This Wild Hybrid Yamaha Motorcycle Has All-Wheel Drive, And It's Insane

7 hours ago - 22 February 2026, RideApart
This Wild Hybrid Yamaha Motorcycle Has All-Wheel Drive, And It's Insane
French engineering firm Furion just turned Yamaha’s hooligan twin into a two-wheel-drive hybrid with a hub-mounted front motor.

The Yamaha MT-07 is one of my all-time favorite bikes. It’s not the fastest thing on the planet. It’s not the most premium. But that 689cc CP2 twin, that punchy midrange, that playful chassis, the way it’ll loft the front wheel just because you looked at the throttle funny. It’s pure hooligan energy on two wheels.  

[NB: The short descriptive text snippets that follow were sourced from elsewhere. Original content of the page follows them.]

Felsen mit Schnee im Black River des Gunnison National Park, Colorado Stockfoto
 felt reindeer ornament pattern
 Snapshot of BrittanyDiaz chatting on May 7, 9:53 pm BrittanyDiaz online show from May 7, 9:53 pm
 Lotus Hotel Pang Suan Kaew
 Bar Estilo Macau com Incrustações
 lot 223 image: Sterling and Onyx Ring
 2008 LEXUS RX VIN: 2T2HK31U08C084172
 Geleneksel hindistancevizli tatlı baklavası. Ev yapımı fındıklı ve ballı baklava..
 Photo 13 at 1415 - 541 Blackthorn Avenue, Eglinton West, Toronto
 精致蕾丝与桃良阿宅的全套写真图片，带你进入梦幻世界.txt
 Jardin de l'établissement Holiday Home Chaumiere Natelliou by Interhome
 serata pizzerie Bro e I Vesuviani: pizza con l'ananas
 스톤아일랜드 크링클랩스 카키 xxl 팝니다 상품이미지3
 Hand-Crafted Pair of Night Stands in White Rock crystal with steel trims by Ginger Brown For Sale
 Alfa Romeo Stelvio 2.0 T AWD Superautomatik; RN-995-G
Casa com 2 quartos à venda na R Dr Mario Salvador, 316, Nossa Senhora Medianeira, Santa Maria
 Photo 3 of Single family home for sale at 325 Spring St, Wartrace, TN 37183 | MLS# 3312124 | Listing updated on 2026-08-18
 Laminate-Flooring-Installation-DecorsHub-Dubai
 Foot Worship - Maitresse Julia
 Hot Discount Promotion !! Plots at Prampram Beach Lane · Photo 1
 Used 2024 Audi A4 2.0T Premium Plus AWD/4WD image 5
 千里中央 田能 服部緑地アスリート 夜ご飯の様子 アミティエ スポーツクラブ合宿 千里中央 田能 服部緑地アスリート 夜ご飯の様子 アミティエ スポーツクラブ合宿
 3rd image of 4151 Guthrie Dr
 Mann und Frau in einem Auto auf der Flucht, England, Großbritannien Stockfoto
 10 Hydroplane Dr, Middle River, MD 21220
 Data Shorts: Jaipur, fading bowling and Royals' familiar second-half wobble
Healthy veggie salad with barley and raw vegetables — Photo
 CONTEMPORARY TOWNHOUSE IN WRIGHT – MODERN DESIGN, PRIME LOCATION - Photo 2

So when a small French engineering outfit called Furion decided to use the MT-07 as the base for its latest prototype, I paid attention.

Furion isn’t a big manufacturer. It’s an engineering company out of France that specializes in hybrid systems and energy recovery tech. Back in 2017 it teased a rotary-powered hybrid called the M1 that never quite made it to production. This time, it’s back with something arguably more grounded and somehow even more radical.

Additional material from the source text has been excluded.